One major difference between the present invention and conventional drilling, whether overbalanced or underbalanced, is that no drilling fluid exits out of the drill bit into the space between the drill bit and the formation being drilled. This would seem to defy the conventional thinking that fluid must be pumped through the drill bit for lubrication and cooling. However, it will be apparent to one of ordinary skill in the art after reading this specification that the lateral drilling is taking place in a formation which is a known producer of hydrocarbons. Water may also be produced. These fluids are sufficient to lubricate and cool the drill bit. This approach requires that the well be drilled underbalanced or slightly underbalanced above the drill bit and that a vacuum be created in front of the drill bit, so that the fluids can flow out of the formation into the wellbore. The direction of formation fluid flow is up through the drill bit, which is the direct opposite of conventional drilling. Previous jet pump assist technologies allow drilling fluids to flow down through and out of the drill bit, so the upward flow of only produced fluids through the drill bit distinguishes the present application from these earlier systems.

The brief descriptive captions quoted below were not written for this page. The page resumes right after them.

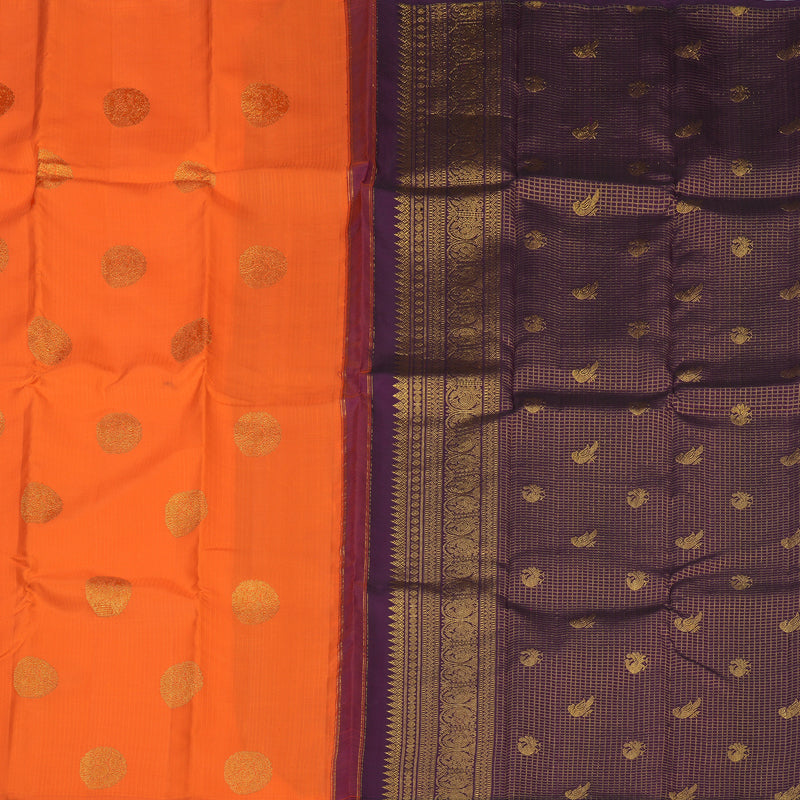 Hayagrivas Handloom Orange Kanjivaram Silk Saree KBE1924L1-7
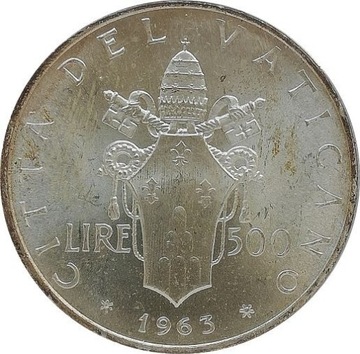 Watykan 500 lire 1963, Ag KM#83.1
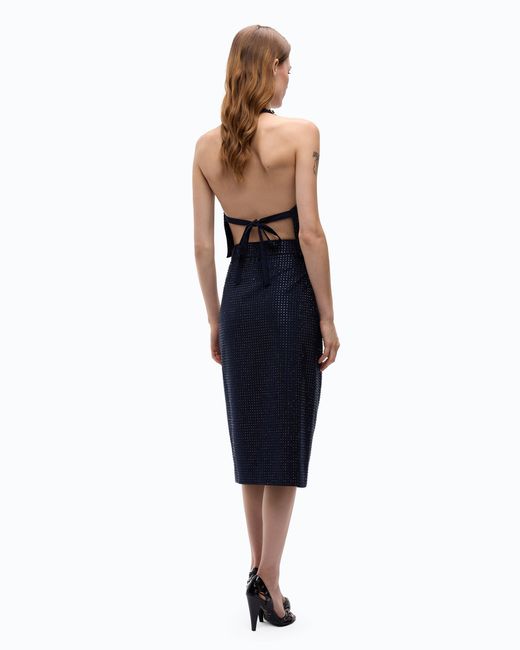 Pinko Blue Fully Rhinestoned Calf-Length Wrap Skirt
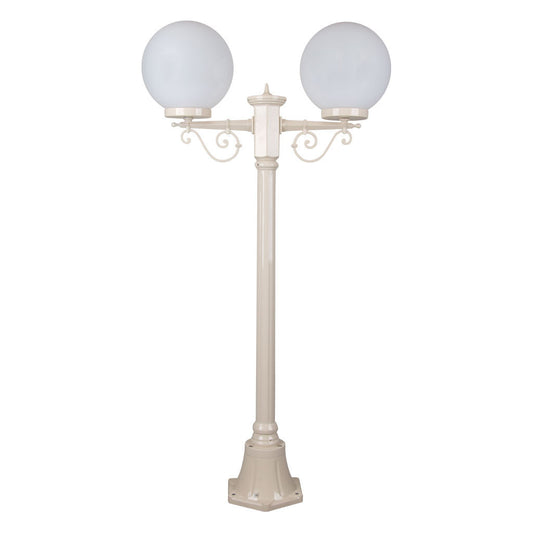 GT-567 Siena Twin 25cm Spheres Short Post - Powder Coated Finish / E27 - Beige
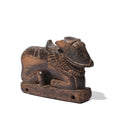Carved Teak Nandi Bull Toy From Banswara - 19th Century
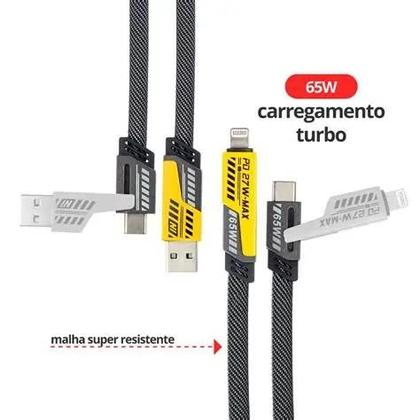 Imagem de Cabo Carregador Para iPhone Usb Turbo 65w 4 Em 1 Tipo C 1m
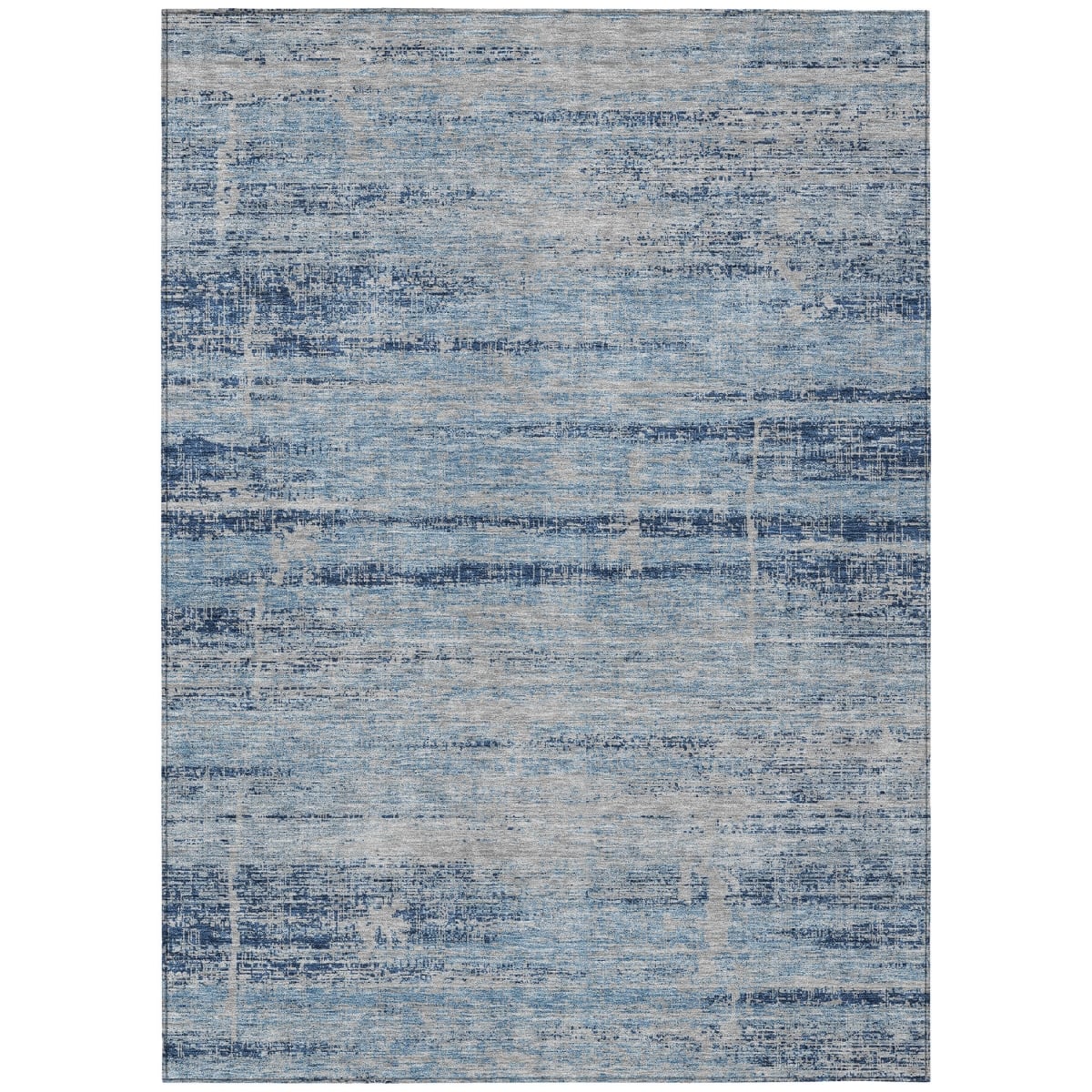 584657 5 x 8 ft. Abstract Washable Indoor & Outdoor Rectangle Area Rug, Sky Blue & Navy Blue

Another aspect of the present invention which distinguishes it from the prior art is that other jet pump assist technologies are not designed to be underbalanced behind the bit, they only reduce pressure in front of the bit but not enough to allow oil and gas to enter the wellbore as with underbalanced conditions. The other jet pump technologies must maintain full overbalanced conditions behind the bit and reduced overbalanced conditions in front of the bit for well control, so that the well does not produce hydrocarbons while drilling. In contrast, the present invention is designed to encourage hydrocarbons to enter the wellbore not only in front of the bit but also behind the bit while drilling. Production while drilling is therefore an expected result, not an anomaly, and the equipment and facilities to handle the production safely will be installed as part of the embodiments described herein.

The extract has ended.